No aviso indenizado, o valor costuma corresponder ao salário mensal dividido por trinta e multiplicado pelo número de dias devidos, incorporando médias de horas extras, adicionais e comissões habituais. É frequente que a rescisão desconsidere esses adicionais ou aplique apenas os trinta dias fixos, ignorando a proporcionalidade. Nesses casos, há diferença a receber, e ela pode ser expressiva para quem tem muitos anos de casa.

Alguns cuidados evitam prejuízos. Guarde holerites, o Termo de Rescisão e qualquer comunicado de dispensa, pois eles comprovam o tempo de serviço e a base de cálculo. Confira se o formato do aviso, trabalhado ou indenizado, foi o efetivamente praticado no dia a dia. E observe o prazo prescricional: em regra, o trabalhador tem até dois anos após o fim do contrato para cobrar verbas não pagas, alcançando os últimos cinco anos do vínculo.

Situações específicas exigem análise individualizada. Gestantes, dirigentes sindicais e empregados acidentados podem ter estabilidade que se projeta no período do aviso indenizado. Já o pedido de demissão seguido de dispensa da empresa quanto ao cumprimento gera efeitos próprios sobre a data de baixa e o saque do FGTS. Cada detalhe muda o resultado, e conferir esses pontos antes de assinar a rescisão faz diferença real.

Perguntas Frequentes

O aviso prévio proporcional também vale quando eu peço demissão?

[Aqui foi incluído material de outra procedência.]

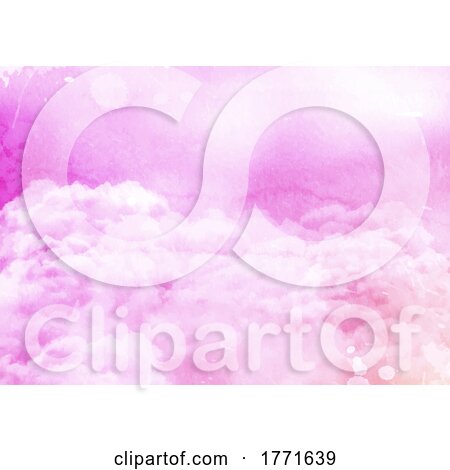 Watercolour Style Sugar Cotton Candy Clouds Background by KJ Pargeter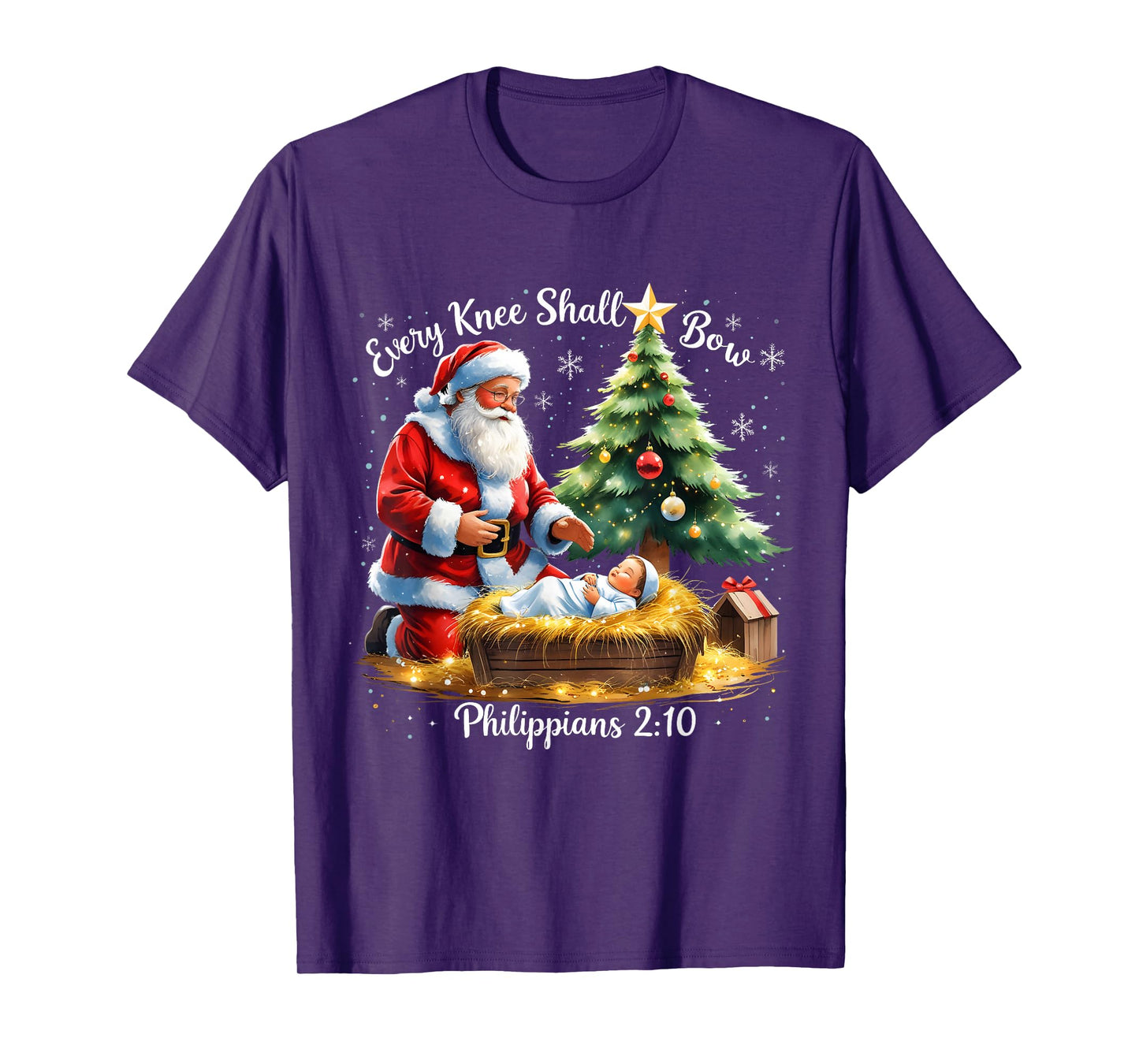Every Knee Shall Bow Philippians 2:10 Christmas T-Shirt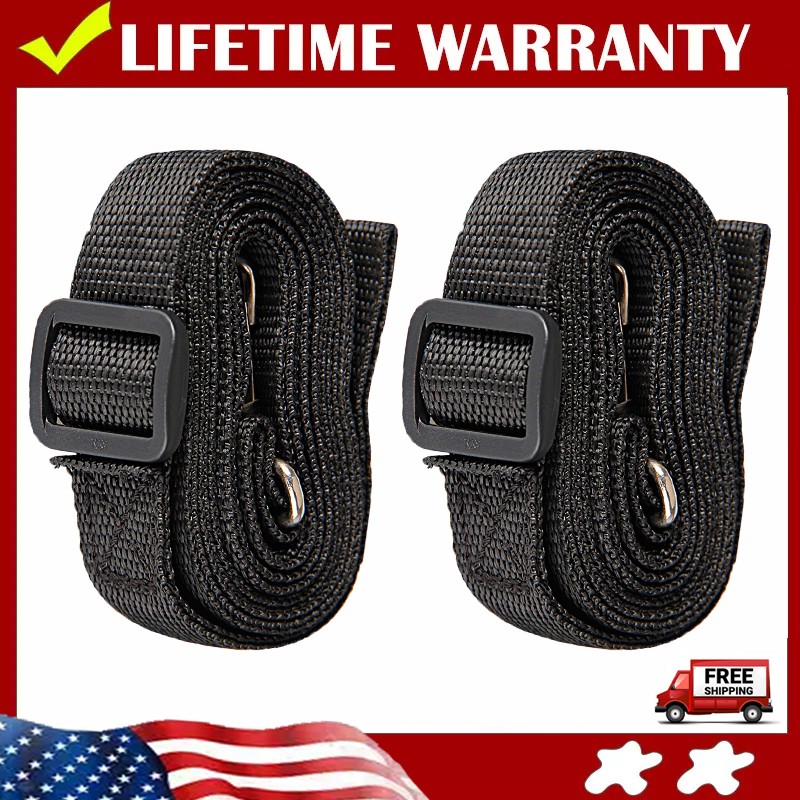 2 Pcs Adjustable Bimini Top Tie Down Webbing Straps with loop Snap hooks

O prazo mínimo de trinta dias vale nas duas situações. Os dias proporcionais adicionais, porém, são reconhecidos pela maioria das decisões trabalhistas como direito do empregado quando a empresa dispensa. Quando é você quem pede demissão, o entendimento predominante é o de que basta cumprir ou indenizar os trinta dias de base, sem os acréscimos de três dias por ano.

Posso trabalhar em outro emprego durante o aviso indenizado?

Sim. No aviso indenizado o contrato é encerrado imediatamente, então você fica livre para assumir nova ocupação desde já, mesmo que o período do aviso continue sendo projetado no seu tempo de serviço para fins de férias e décimo terceiro. No aviso trabalhado a situação é diferente, porque o vínculo permanece ativo até o último dia do prazo.

A empresa pode me obrigar a cumprir o aviso trabalhando, mesmo com muitos anos de casa?

A empresa pode optar pelo aviso trabalhado, e o empregado, em regra, deve cumpri-lo. Como compensação, você tem direito à redução de jornada, escolhendo entre duas horas a menos por dia ou sete dias de folga ao final, sem desconto no salário. Se essa redução não for respeitada, o período trabalhado pode ser tratado como não cumprido e gerar valor adicional na rescisão.

As informações deste artigo são de caráter informativo e não substituem a consulta a um advogado especializado. Cada caso possui particularidades que exigem análise individualizada.